Question

A hiker leaves her camp and walks 3.5 km in a direction of 55° south of west to the lake. After a short rest at the lake, she hikes 2.7 km in a direction of 16° east of south to the scenic overlook. What is the magnitude of the hiker’s resultant displacement? Round your answer to the nearest tenth.  km What is the direction of the hiker’s resultant displacement? Round your answer to nearest whole degree. °  south of west

Answer 1

The magnitude of the hiker’s resultant displacement is 5.6 km
The direction of the hiker’s resultant displacement is 77 degrees

Answer 2

1) Magnitude

Let's take south as positive y-direction and east as positive x-direction. Then we have to resolve both displacements into their respective components:

$d_{1x} = -(3.5 km) cos 55^{\circ}=-2.0 km$

$d_{1y} = (3.5 km) sin 55^{\circ}=2.87 km$

$d_{2x} = (2.7 km) sin 16^{\circ}=0.74 km$

$d_{2y} = (2.7 km) cos 16^{\circ}=2.60 km$

So, the components of the total displacement are

$d_x = d_{1x}+d_{2x}=-2.0 km +0.74 km=-1.26 km$ east (so, 1.26 km west)

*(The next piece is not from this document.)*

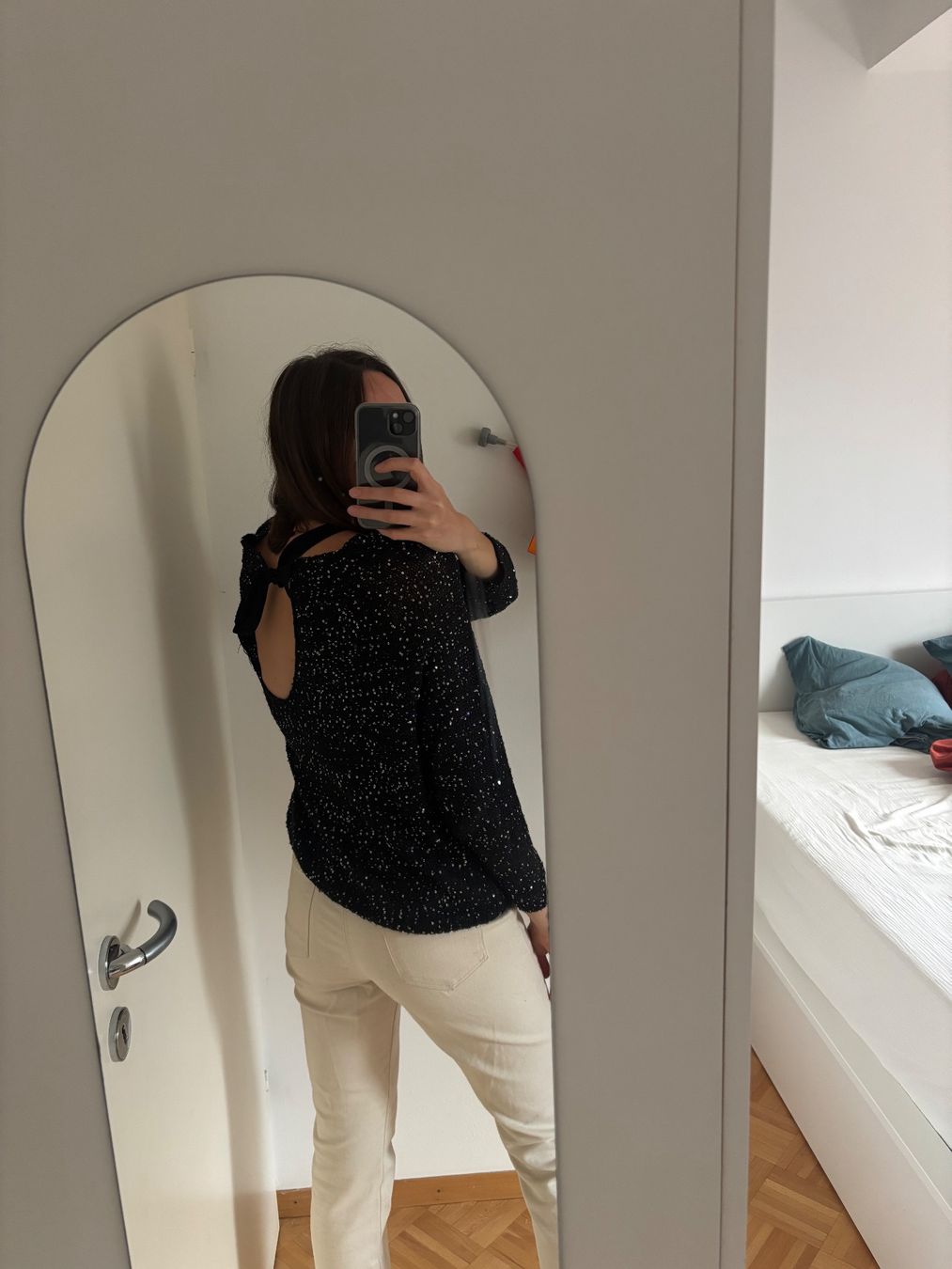 Maglioni & Felpe: Black Sequin Party Sweater with Open Back Detail – Usato da Genève venduto da Bella_909 1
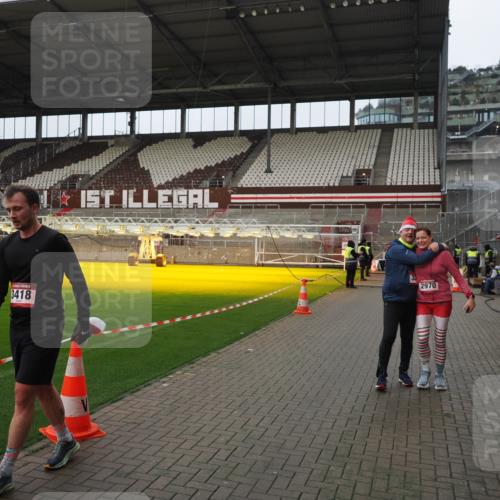 07.12.2025 - St. Pauli X-Mass-Run No. 15 Fabian Wolf http://msf.ph/oto/9422701 07.12.2025 11:54:20 Ziel 2963, 2970, 3031, 3247, 3446, 3989 meine-sportfotos.de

$d_y=d_{1y}+d_{2y}=2.87 km + 2.60 km=5.47 km$ south

So, the magnitude of the resultant displacement is

$d=\sqrt{d_x^2+d_y^2}=\sqrt{(1.26)^2+(5.47)^2}=5.61 km$

2) Direction

the direction of the hiker's displacement is

$\theta= arctan(\frac{d_y}{d_x})=arctan(\frac{5.47}{1.26})=arctan(4.34)=77.0^{\circ}$ south of west.